Given a lot of my time is spent in the lower and middle market private equity arena, I am currently getting a lot of questions about crowdfunding. Many of our client executives are asking me – What is crowdfunding and how does it really work? Whether you are a Summit Executive Resources executive client, or one of our relationships in the marketplace, I hope the following helps to clarify what crowdfunding is all about.
Crowdfunding is a fairly new and evolving vehicle of using the Internet to raise capital in order to support a broad range of new ideas and new ventures. An individual or an entity who is raising capital through crowdfunding usually seeks smaller contributions from a larger number of people – essentially ordinary people. Those that are interested in crowdfunding, or also known as member of the “crowd”, can share information about the venture, idea, business model, cause or project with each other. They can then decide whether to fund the venture based on the “crowd’s” collective expertise and opinion.
In April 2012, the “JOBS Act”, established a regulatory structure for small businesses and startups to raise capital using the Internet through crowdfunding via securities. This was originally intended to help small businesses and startups with capital through low dollar securities offerings. In an effort to protect investors who engage in these transactions, Congress included a number of provisions that included things like investment limits, required disclosures, and required use of intermediaries. This also allows Internet-based platforms to handle the offer and sale of securities in these transactions without having to register as brokers. Small businesses and startups can raise up to $1M every twelve months from non-accredited investors.
How Crowdfunding Works
In general, here in the United States, crowdfunding has not involved an offer of a share in financial profits or returns, that the fundraiser might expect to generate, otherwise this would refer more to a “equity mode” of crowdfunding which in case could trigger federal securities laws. Regulatory limitations have made private placement exemptions essentially unavailable for crowdfunding transactions. In addition, if someone operates a website to affect the sale and purchase of securities on the account of others would generally be required to register as a broker-dealer.
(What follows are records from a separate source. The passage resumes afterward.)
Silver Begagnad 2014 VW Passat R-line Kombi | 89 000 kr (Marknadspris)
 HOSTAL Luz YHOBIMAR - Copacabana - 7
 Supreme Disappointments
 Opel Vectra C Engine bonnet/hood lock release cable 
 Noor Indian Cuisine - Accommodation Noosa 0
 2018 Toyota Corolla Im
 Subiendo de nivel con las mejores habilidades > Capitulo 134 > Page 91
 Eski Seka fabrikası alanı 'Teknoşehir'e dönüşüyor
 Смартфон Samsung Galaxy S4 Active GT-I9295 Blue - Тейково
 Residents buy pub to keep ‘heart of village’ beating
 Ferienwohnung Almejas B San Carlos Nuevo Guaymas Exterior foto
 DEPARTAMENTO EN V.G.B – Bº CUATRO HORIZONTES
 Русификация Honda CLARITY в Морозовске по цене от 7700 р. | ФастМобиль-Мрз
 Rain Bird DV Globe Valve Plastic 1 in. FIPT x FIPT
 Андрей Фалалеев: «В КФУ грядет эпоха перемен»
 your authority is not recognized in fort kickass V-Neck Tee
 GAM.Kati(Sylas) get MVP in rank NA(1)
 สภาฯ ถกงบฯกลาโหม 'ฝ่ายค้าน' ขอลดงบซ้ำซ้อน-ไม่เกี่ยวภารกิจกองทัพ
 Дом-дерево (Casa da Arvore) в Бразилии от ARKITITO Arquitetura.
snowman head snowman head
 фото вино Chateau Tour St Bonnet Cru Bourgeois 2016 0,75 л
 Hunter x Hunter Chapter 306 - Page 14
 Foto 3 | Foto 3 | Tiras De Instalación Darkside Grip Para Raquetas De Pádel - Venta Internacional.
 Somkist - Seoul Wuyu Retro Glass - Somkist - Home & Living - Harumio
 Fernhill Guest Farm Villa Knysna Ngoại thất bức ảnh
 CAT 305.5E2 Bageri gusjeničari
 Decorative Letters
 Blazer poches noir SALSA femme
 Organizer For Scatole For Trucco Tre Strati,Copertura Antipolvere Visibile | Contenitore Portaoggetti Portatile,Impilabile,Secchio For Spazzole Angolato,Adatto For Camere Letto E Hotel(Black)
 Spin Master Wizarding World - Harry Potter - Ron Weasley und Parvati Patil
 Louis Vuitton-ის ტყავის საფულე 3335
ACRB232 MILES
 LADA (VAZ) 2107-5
Also, if someone operates a website solely for the purchase of securities of small businesses and startups, they may find that it is impractical due to the limited nature of that individual’s activities to register as broker-dealer and operate under those regulations.
In regards to “regulation crowdfunding”, it allows individuals to invest in securities-based crowdfunding transactions that are subject to certain thresholds. This limits the amount of money that raised, requires disclosures, and establishes a regulatory framework for the intermediaries that facilitate crowdfunding transactions. Securities purchased in a crowdfunding transactions typically cannot be resold for a period of one year. Under “regulation crowdfunding’, offerings must be conducted through a platform operated by a registered broker or a funding portal.
Alternatives to Crowdfunding
Small businesses and startups can alternatively raise capital from sources that could be fairly close substitutes for or compliments crowdfunding transactions. This type if capital raising is typically conducted through unregistered securities offerings, lending from financial institutes or from friends and family. With the alternative of friends and family, small businesses and startups can raise capital which is available earlier in the lifecycle of a small business and before more formal funding options.
Small businesses and startups might also seek loans from financial institutions, although the rate of banks lending to small business has fallen over the last ten years. Another source of financial is peer-to-peer lending. There are also various loan guarantee programs through the Small Business Administration (SBA), which can make credit more accessible. At the other end of the spectrum are angel investors and venture capitalists from which small businesses and start-ups might seek funding.
Crowdfunding Good or Bad
Technology and innovation have driven the growth of alternative models of small business and startup fund raising. Studies have shown that online lenders have doubled every year and several models have emerged. Crowdfunding in the US is an array of lending, donation, reward, royalty, equity and hybrid-based. Regardless, small business and startups still have a very high rate of failure. The JOBS Act was designed to help drive the formation of online capital. Unfortunately, so far, many say the results have been disappointing.